It is well known that the 2nd moment (physics: moment of inertia) is minimized when centered around the mean (physics: center of mass). However, I recently realized that higher moments are NOT minimized at the same point. Specifically let me ask the 1-dimensional, discrete version of the question:
Given point masses $\{m_i\}$ all lying along the $x$-axis, with positions $\{x_i\}$. What value of $x$ would minimize $\sum m_i |x-x_i|^k$, for values of $k>2$? (If we normalize $\sum m_i=1$, then an equivalent interpretation is a real-valued random variable $X$ taking value $x_i$ with probability $m_i$.)

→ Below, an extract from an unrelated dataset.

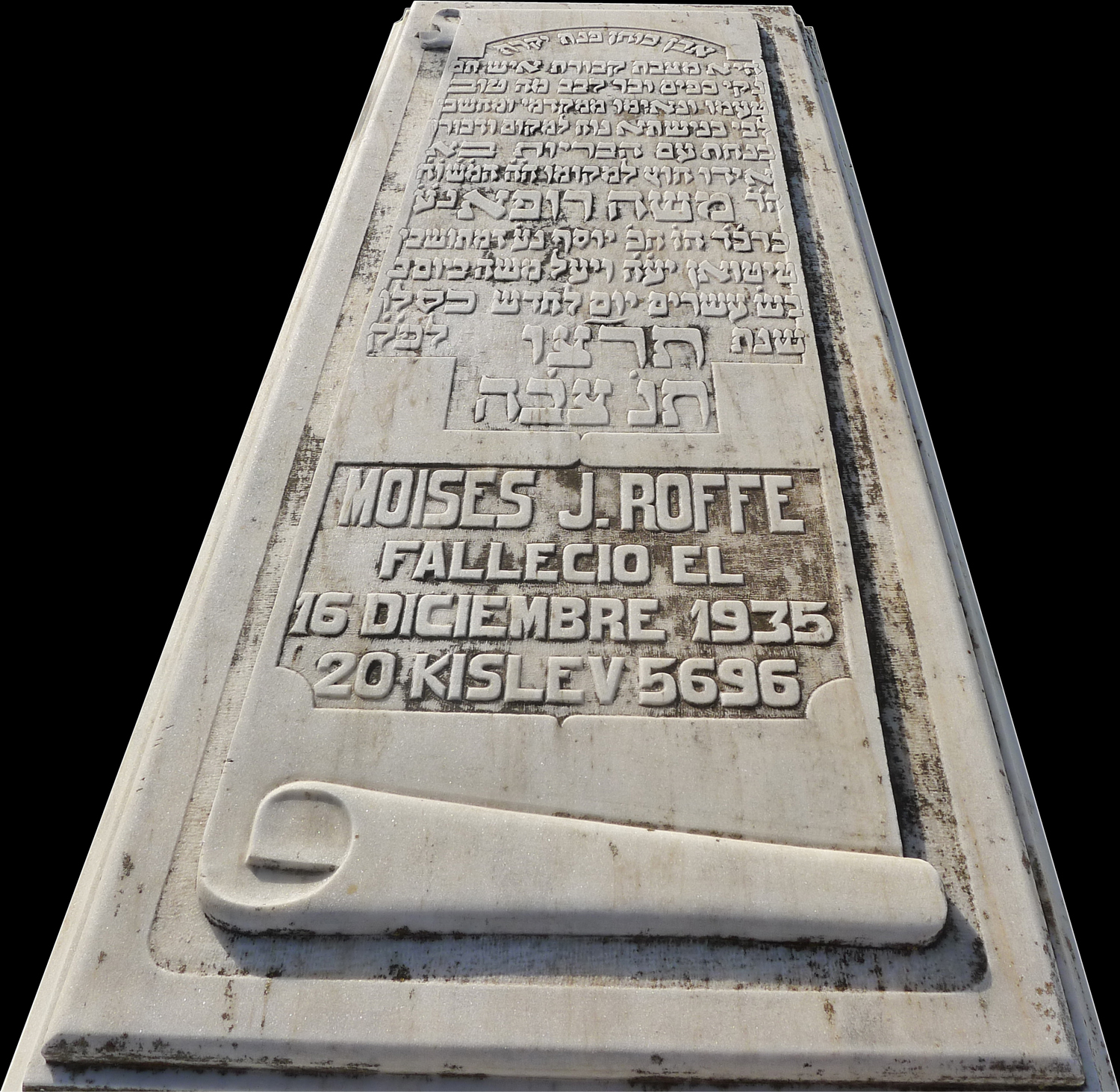 Stèle de Roffe Moises J.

Here are some partial solutions:
(A) For $k=2$, the optimal $x$ is the (weighted) mean, aka center of mass, $x^* = \frac{\sum m_i x_i}{\sum m_i}$.
(B) For $k \rightarrow \infty$, the optimal $x$ is the point that minimizes the maximum individual "deviation" $d_i = |x-x_i|$, so the optimum is halfway between the leftmost and rightmost points, i.e. $x^* = (\min_i x_i + \max_i x_i)/2$
(C) For any $k\ge2$, if there are just two point masses, the optimal $x$ is the value satisfying: $m_1 d_1^{k-1} = m_2 d_2^{k-1}$, where $d_i = |x-x_i|$. (Easy proof by differentiating $m_1 d_1^k + m_2 d_2^k$.)
Any idea how to solve the general problem?
(Updated Note: For odd $k$, a different version of the problem would be to minimize $\sum m_i (x - x_i)^k$ -- but that sum has no minimum because $\sum m_i (x - x_i)^k \rightarrow -\infty$ as $x \rightarrow -\infty$.)